When I asked him why so few people were able to play his music, Debussy replied, after some reflection: “I think it is because they try to impose themselves upon the music. It is necessary to abandon yourself completely, and let the music do as it will with you – to be a vessel through which it passes.”
George Copeland
Debussy, the man I knew.The Atlantic Monthly. January 1955.
At the last piano recital Copeland gave, in May of 1964 at age 82, he played Debussy’s Canope. Until this performance surfaced, the ballpark average tine to deliver this Prelude weighed in at 2:30 with some bordering on 4:00. The first to record it was the Lyon-born Walter Gieseking whose lengthy London sessions after the Second World War had impressionistic microphone placement as the pianist sometimes snorted and this more-than scuro obfuscated any chiaro. Having a producer like Walter Legge allowed the company to squeeze three projects out of him in the time that would yield one for other pianists.

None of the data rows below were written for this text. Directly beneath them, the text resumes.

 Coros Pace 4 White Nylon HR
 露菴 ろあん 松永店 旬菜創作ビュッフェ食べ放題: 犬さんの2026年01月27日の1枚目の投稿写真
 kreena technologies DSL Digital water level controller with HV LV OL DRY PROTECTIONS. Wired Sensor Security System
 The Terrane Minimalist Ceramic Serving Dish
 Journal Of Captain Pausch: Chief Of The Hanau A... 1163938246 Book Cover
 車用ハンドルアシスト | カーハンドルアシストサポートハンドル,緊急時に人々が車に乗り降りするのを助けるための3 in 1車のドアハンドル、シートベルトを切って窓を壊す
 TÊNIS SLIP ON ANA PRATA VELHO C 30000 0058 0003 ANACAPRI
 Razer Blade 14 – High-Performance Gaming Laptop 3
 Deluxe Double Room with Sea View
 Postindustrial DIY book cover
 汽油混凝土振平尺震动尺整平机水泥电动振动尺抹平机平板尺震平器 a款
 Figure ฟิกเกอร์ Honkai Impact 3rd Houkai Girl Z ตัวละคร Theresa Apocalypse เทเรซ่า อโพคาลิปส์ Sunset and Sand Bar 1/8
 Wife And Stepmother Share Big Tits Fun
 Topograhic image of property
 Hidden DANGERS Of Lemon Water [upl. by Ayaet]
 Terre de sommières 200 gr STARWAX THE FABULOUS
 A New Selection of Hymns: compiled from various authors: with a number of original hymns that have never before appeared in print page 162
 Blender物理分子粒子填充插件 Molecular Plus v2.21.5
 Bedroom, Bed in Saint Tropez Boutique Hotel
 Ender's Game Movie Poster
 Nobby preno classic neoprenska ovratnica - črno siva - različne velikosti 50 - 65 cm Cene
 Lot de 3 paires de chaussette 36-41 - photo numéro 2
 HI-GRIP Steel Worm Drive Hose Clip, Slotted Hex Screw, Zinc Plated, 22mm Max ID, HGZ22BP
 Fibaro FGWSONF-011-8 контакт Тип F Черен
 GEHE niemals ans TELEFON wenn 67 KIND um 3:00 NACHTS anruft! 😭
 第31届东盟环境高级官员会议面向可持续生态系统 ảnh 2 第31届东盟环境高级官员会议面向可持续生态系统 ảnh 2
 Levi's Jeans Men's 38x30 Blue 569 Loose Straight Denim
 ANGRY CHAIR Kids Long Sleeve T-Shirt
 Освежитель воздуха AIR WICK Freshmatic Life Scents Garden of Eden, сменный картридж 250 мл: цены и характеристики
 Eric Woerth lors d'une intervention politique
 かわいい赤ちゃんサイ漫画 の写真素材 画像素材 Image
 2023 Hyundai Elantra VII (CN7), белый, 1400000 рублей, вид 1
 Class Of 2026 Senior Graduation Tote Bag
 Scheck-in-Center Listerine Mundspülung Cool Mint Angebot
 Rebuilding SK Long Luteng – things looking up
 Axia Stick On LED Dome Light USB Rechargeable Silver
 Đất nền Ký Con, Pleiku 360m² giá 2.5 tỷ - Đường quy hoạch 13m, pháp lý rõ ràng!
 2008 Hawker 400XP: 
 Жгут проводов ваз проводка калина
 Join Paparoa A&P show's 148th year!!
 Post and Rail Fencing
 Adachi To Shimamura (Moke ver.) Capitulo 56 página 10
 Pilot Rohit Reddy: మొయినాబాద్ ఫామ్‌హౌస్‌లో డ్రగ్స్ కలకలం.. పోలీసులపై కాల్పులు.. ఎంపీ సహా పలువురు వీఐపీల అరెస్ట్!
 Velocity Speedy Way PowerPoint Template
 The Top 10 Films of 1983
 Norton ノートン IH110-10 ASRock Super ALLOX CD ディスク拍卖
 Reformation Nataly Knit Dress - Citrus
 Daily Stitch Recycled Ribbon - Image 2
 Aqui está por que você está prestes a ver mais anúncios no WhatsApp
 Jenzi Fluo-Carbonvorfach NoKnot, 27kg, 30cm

Please rise as we will now hear Herr Gieseking intone the Canope:
Score: WG 2:39/CD 0:00.
Please be seated. His playing lived in the moment, following into the next, anyone still awake?, and had flourishes as well. If its seriousness is not fully appreciated, if it is not a masterpiece but seems dull and desultory, whom shall be blame? Ourselves, for not having undergone rapt attention, the Pianist, for doing all in his power to save a failed piece, or the Composer, who should have had second thoughts about its very birth?
In the steps of Prince Hassan, Copeland steps in to offer an awareness of structure that only materializes when the piece is played at a faster pace. From his last recital:
Score: GC 1:47/ CD 1:47!
At this speed arches appear, reappear, stray notes exist as details within larger gestures, firmly coherent and conceived. Copeland may be the first to bring light to this overlooked treacherous trap that is continually slain through the best of intentions that wish to treat it as a sacred soundtrack to contemplate jars containing organs of the dead. And let’s hear Copeland regail the curious at a pre-concert talk. Much of what he says is in the Debussy memoir seen above. As he was not sitting near a mic one will need to listen carefully (another first publication, folks!):
That same day, Copeland played Debussy’s Engulfed Cathedral in a way that corresponds to how Debussy played an enigmatic time change after the opening statement:
Another popular Prelude, La Puerta del Vino, sails into the harbor with a habanera beat. This may inspire many to languor in the wine, basking in sunshine, blue skies and head into a Renoiresque putridity. Copeland prefaces his dive into the lower depths with a warning that this upcoming port was rife with murders, suicides, underworld, pirates, a murky, shadowy, evil place:
Our ongoing exploration of Debussy continues! Although 2018 was the centenary of his death and is now so oh-so yesteryear, we’ll continue to keep him alive and smoldering!
–Allan Evans ©2019
Wow!!! Great memoir, great comparison of Canope. Keep this stuff coming!!
During Copeland’s Q&A to the Yalies, he mentions that when he invited Debussy to a performance of Pelleas & Melisande. Debussy refused: “They sing it the way everyone else sings.” Some time later, Debussy asked Copeland to join him for Puccini’s Tosca. Copeland mentioned “But you said you dislike Puccini.” Debussy answered :”They sing it like my music!”
Copeland does open our eyes and truly provides new perspectives which are really old! Funny what is lost in time.
Dear Mr.Evans, here I sit in a night freshing as the moon shines on the temple that was, remembering your greatness in contributing for the good music. RIP.